(Records drawn from a dataset)
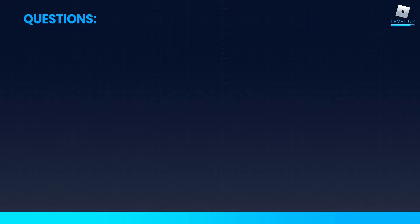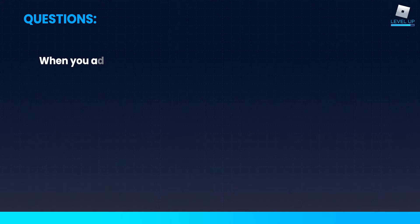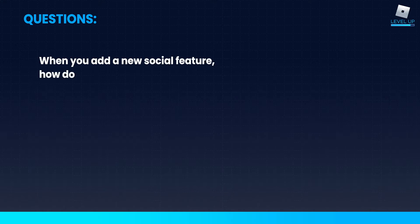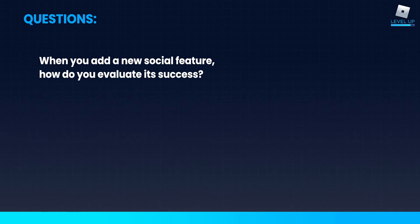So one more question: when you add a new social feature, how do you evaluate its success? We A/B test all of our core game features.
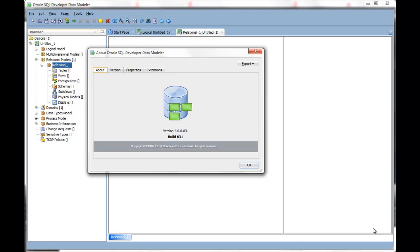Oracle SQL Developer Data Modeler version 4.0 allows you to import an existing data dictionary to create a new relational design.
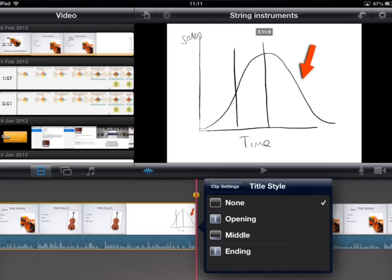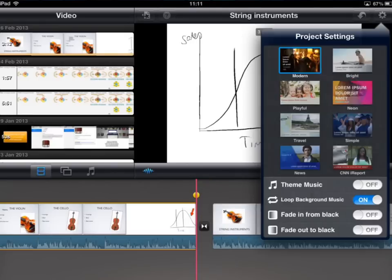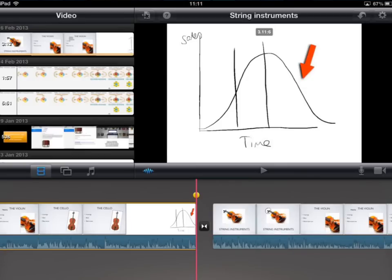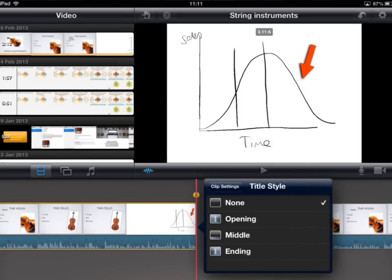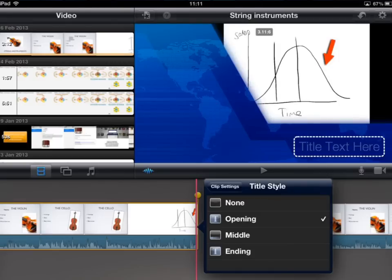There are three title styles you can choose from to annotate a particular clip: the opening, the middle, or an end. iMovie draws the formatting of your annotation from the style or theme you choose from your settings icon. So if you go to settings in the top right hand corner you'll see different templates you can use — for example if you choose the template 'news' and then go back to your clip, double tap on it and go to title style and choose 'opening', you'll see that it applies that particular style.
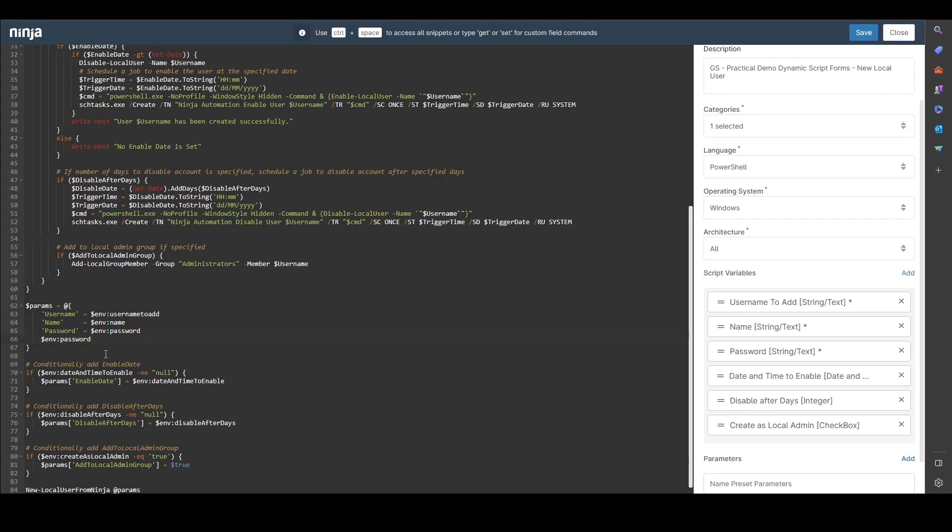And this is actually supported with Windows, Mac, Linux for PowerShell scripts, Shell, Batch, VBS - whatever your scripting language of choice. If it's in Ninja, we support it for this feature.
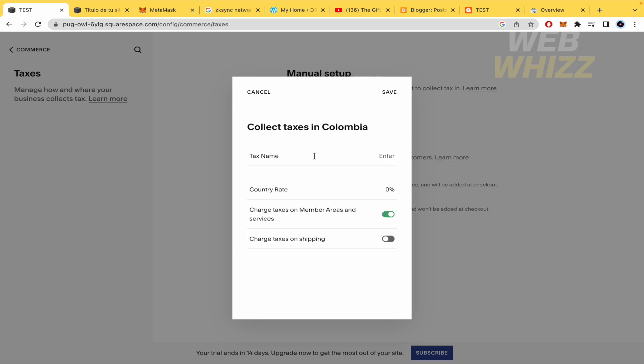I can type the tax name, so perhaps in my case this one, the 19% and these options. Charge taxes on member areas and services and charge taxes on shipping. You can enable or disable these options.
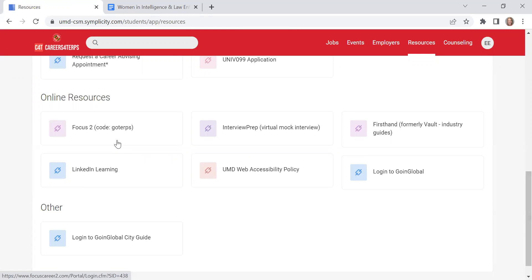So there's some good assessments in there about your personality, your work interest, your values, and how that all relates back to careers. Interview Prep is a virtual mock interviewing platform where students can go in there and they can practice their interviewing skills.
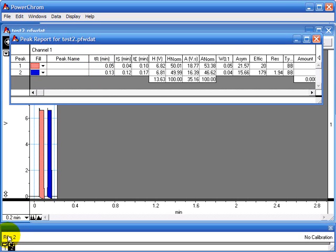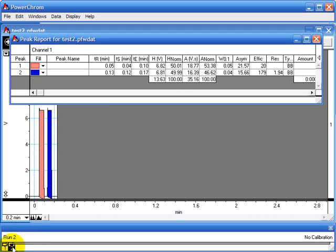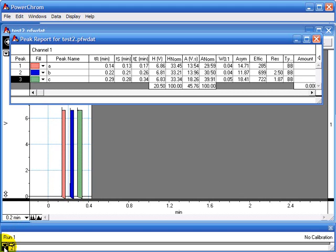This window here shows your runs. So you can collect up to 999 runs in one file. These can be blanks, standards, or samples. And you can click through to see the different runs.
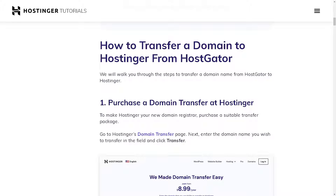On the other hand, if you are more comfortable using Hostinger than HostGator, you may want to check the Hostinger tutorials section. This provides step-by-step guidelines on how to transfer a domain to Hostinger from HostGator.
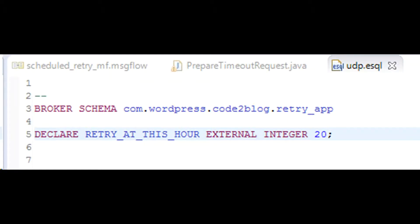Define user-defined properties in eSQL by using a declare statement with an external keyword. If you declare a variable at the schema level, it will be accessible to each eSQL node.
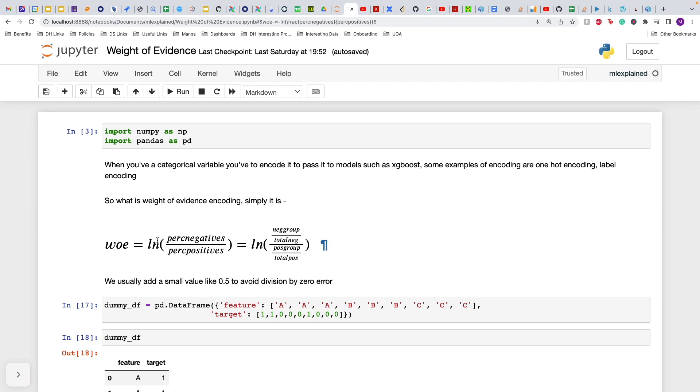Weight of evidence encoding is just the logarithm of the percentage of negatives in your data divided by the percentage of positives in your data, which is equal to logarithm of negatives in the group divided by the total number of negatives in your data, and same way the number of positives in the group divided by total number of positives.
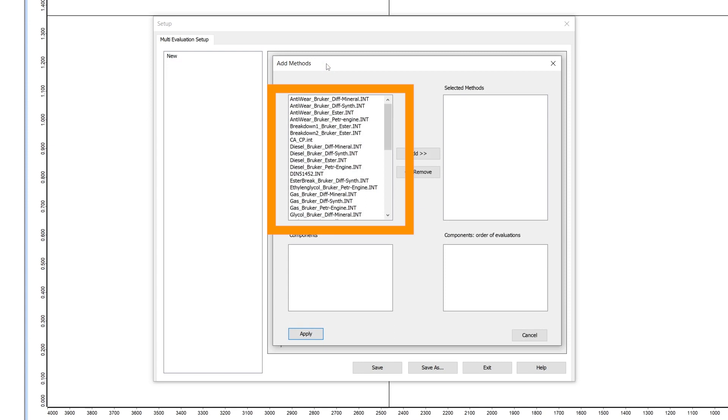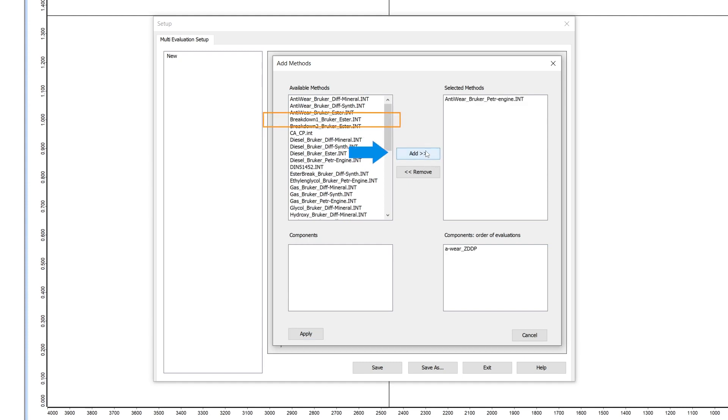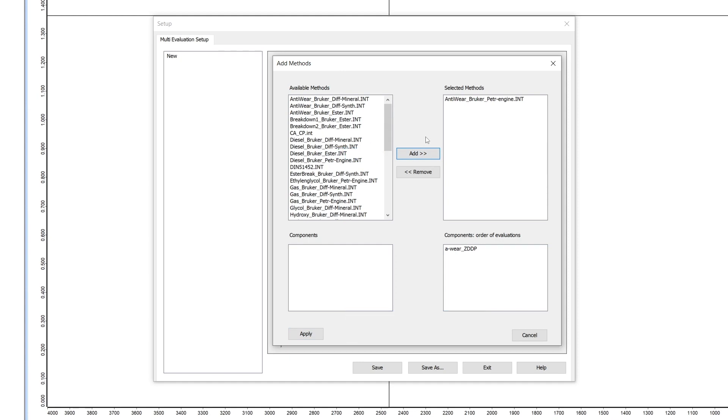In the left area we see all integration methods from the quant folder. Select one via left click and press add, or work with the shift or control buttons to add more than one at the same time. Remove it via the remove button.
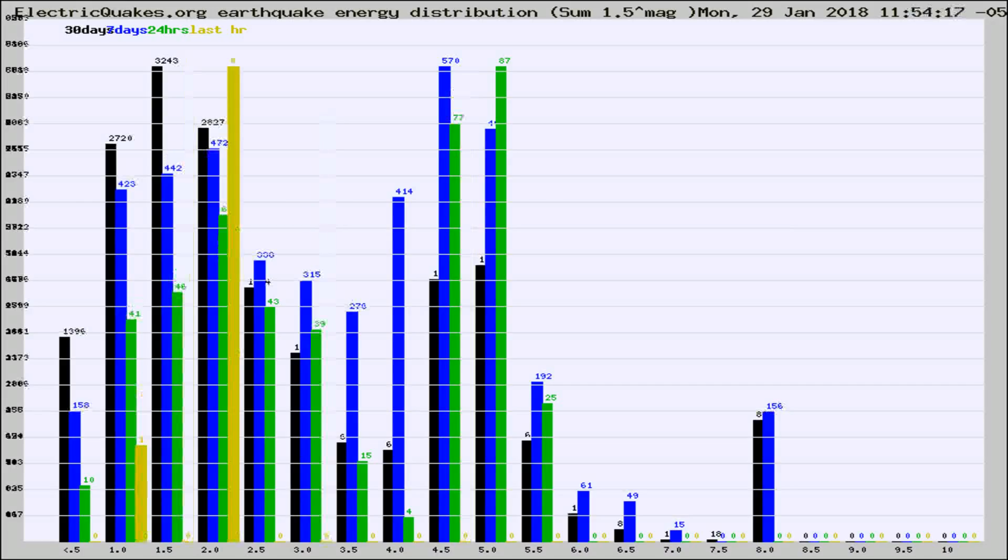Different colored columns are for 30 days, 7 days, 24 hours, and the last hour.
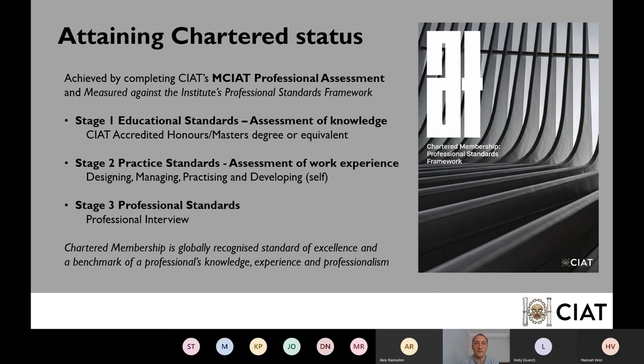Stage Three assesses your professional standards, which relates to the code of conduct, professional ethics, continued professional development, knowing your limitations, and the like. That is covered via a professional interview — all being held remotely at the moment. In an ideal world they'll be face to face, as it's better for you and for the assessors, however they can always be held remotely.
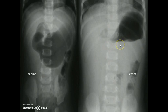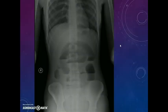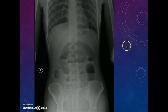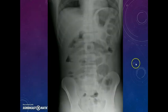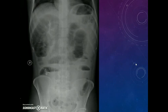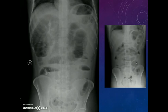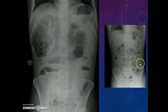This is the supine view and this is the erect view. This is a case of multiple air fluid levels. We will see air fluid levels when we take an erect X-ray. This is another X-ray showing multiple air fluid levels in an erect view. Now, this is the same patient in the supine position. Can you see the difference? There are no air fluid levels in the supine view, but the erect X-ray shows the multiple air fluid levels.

*Exercise directions*
Would you copy all of the data exactly? Keep the pictures out of it.

*Response box*
So one more question: when you add a new social feature, how do you evaluate its success? We A/B test all of our core game features.
Oracle SQL Developer Data Modeler version 4.0 allows you to import an existing data dictionary to create a new relational design.
There are three title styles you can choose from to annotate a particular clip: the opening, the middle, or an end. iMovie draws the formatting of your annotation from the style or theme you choose from your settings icon. So if you go to settings in the top right hand corner you'll see different templates you can use — for example if you choose the template 'news' and then go back to your clip, double tap on it and go to title style and choose 'opening', you'll see that it applies that particular style.
And this is actually supported with Windows, Mac, Linux for PowerShell scripts, Shell, Batch, VBS - whatever your scripting language of choice. If it's in Ninja, we support it for this feature.
I can type the tax name, so perhaps in my case this one, the 19% and these options. Charge taxes on member areas and services and charge taxes on shipping. You can enable or disable these options.
So there's some good assessments in there about your personality, your work interest, your values, and how that all relates back to careers. Interview Prep is a virtual mock interviewing platform where students can go in there and they can practice their interviewing skills.
This window here shows your runs. So you can collect up to 999 runs in one file. These can be blanks, standards, or samples. And you can click through to see the different runs.
On the other hand, if you are more comfortable using Hostinger than HostGator, you may want to check the Hostinger tutorials section. This provides step-by-step guidelines on how to transfer a domain to Hostinger from HostGator.
Define user-defined properties in eSQL by using a declare statement with an external keyword. If you declare a variable at the schema level, it will be accessible to each eSQL node.
Weight of evidence encoding is just the logarithm of the percentage of negatives in your data divided by the percentage of positives in your data, which is equal to logarithm of negatives in the group divided by the total number of negatives in your data, and same way the number of positives in the group divided by total number of positives.
In the left area we see all integration methods from the quant folder. Select one via left click and press add, or work with the shift or control buttons to add more than one at the same time. Remove it via the remove button.
Different colored columns are for 30 days, 7 days, 24 hours, and the last hour.
Stage Three assesses your professional standards, which relates to the code of conduct, professional ethics, continued professional development, knowing your limitations, and the like. That is covered via a professional interview — all being held remotely at the moment. In an ideal world they'll be face to face, as it's better for you and for the assessors, however they can always be held remotely.
This is the supine view and this is the erect view. This is a case of multiple air fluid levels. We will see air fluid levels when we take an erect X-ray. This is another X-ray showing multiple air fluid levels in an erect view. Now, this is the same patient in the supine position. Can you see the difference? There are no air fluid levels in the supine view, but the erect X-ray shows the multiple air fluid levels.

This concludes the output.